ASSIGNMENT: A faithful copy of all the data is the goal; omit the pictures.

GIVEN MATERIAL:

══════════

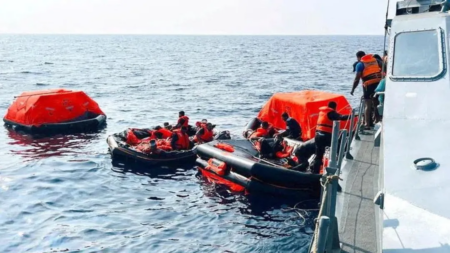 Stranded Sailors Crisis Deepens as Gulf Evacuation Risks Rise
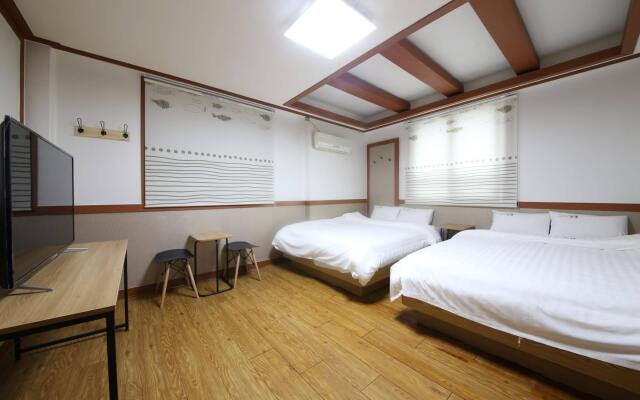 Theme Motel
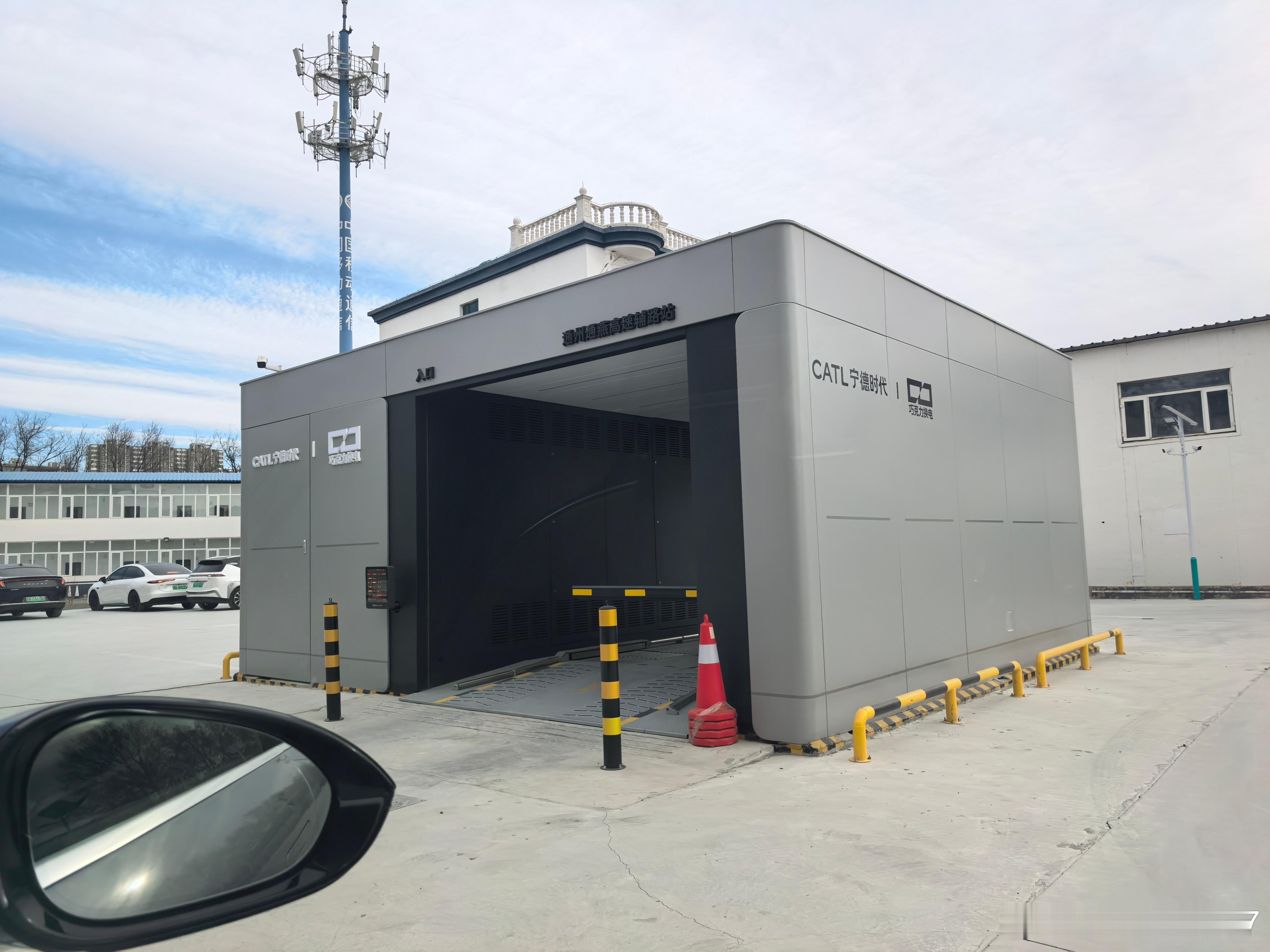 今天给ET9换电第一次体验4代站，屏幕计时确实3分钟就换完了但吸引我的是旁边有巧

══════════

TASK RESULT:
 Stranded Sailors Crisis Deepens as Gulf Evacuation Risks Rise
 Theme Motel
 今天给ET9换电第一次体验4代站，屏幕计时确实3分钟就换完了但吸引我的是旁边有巧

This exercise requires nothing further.